The secularists in Egypt were right to be worried about President Mohammed Morsi’s push for Islamic law, but you fight that with the ballot box not by arresting an elected president.

A country gains credibility by establishing competing political parties that keep the extremist views of both sides in check. That is what the military should be striving for — not locking up the president and massacring his supporters.

“It has been said democracy is the worst form of government, except all the others that have been tried” is attributed to Winston Churchill. That “worst form” will work if Islamists divorce their religion from their government — the only true way to freedom — and stop killing each other.

But if they refuse to do the former, the latter will never end.

Kathleen Butler

Wichita

Kindness repaid

My mom was recently at Hy-Vee in Lee’s Summit. During checkout, she realized she did not have her billfold.

The cashier said she could write a check, which she did, but because she did not have identification the computer would not take the check, and the manager was not able to override it. The manager offered to hold the groceries if she wanted to go home and get her billfold, and my mom said she would do that.
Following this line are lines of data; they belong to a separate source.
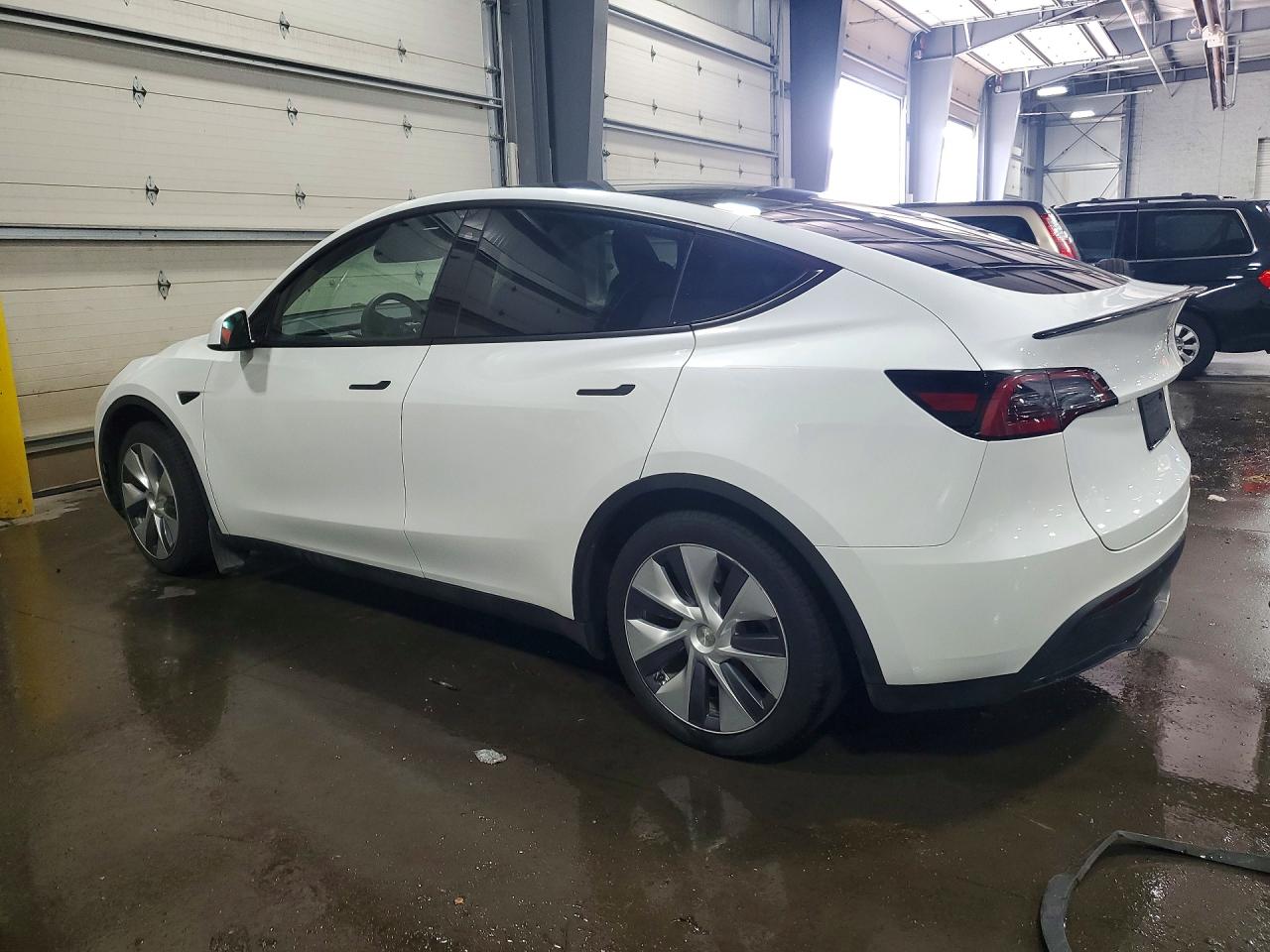 2023 TESLA MODEL Y — снимка 2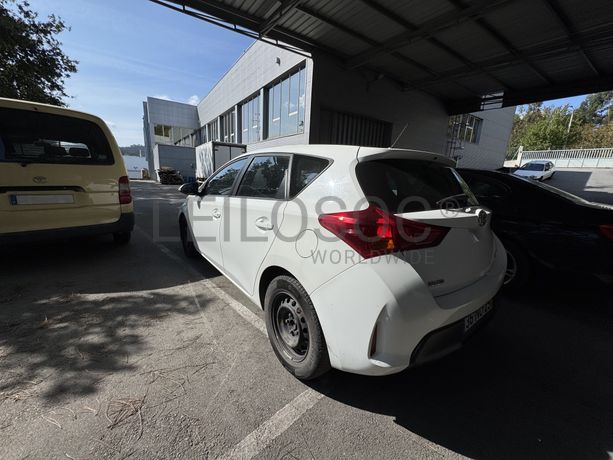 Toyota Auris · Ano 2013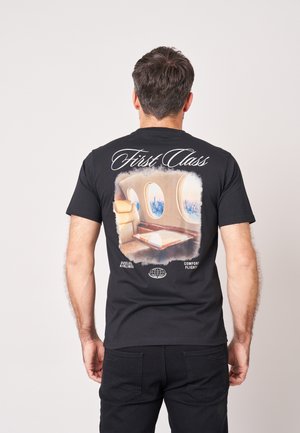 DEELUXE, DEELUXE ORIGINAL T-SHIRT FIRSTCLASS - T-shirt print - schwarz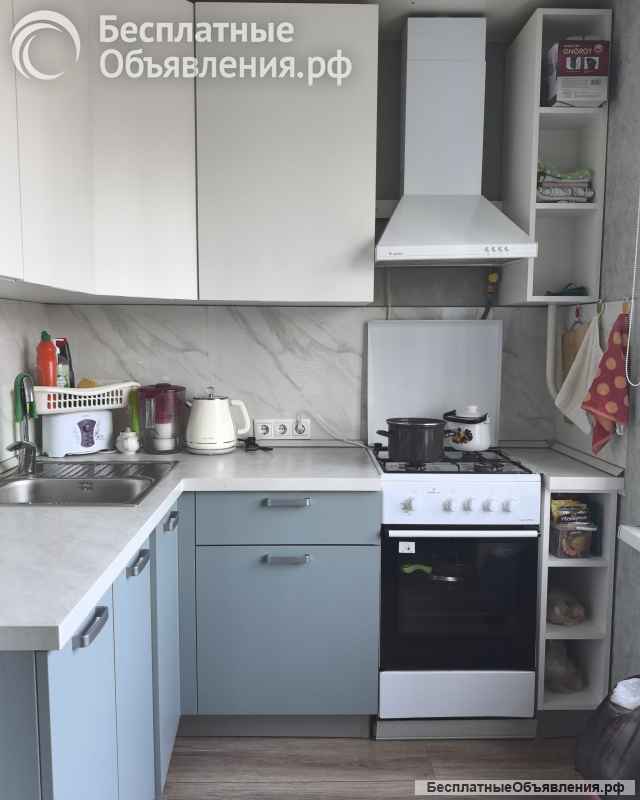 Сдаётся комната в трех комнатной квартире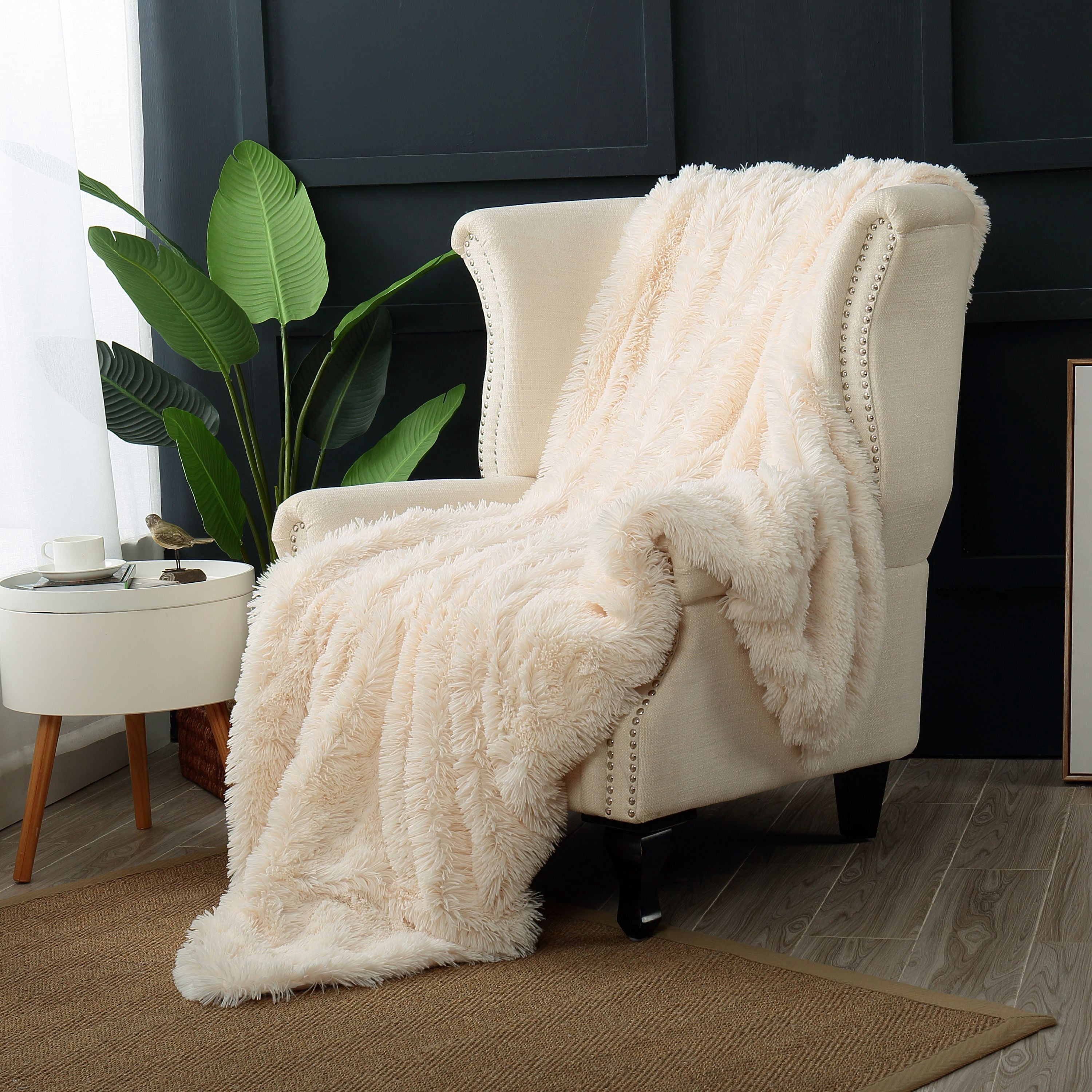 Reafort Luxury Long Hair Shaggy PV Fur Faux Fur Oversized Throw Blanket (Cream, 60"X70" Throw)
The lady behind her stepped forward and paid for her groceries, and when my mom asked for her name and address so she could repay her, the lady said it would make her day to do this for her. But the lady said if she would like, my mom could send a donation to her church, which my mom did the very next day.

How refreshing to see this nice gesture. Thank you for your kindness.

Teri Degitz

Lee’s Summit

Chiefs played well

The Kansas City Chiefs are off to a good start to the season with a convincing win against the Jacksonville Jaguars (9-9, A1, “Chiefs kick off new era with resounding victory”).

Many fans are optimistic about the upcoming season, and I have very high expectations.

The Chiefs’ performance on both sides of the ball did not let down throughout the entire game against the Jaguars. Although the offense did not score in the second half, the Chiefs did move the ball down the field like a truly effective offense should.

One of the most comforting things about the offense was that even though the Chiefs were not scoring, they did not turn over the ball. On the defensive side, we not only held the Jaguars offense, we were able to score.

This reassures fans that we can score on both sides of the ball and Kansas City can begin to play as a true professional football team.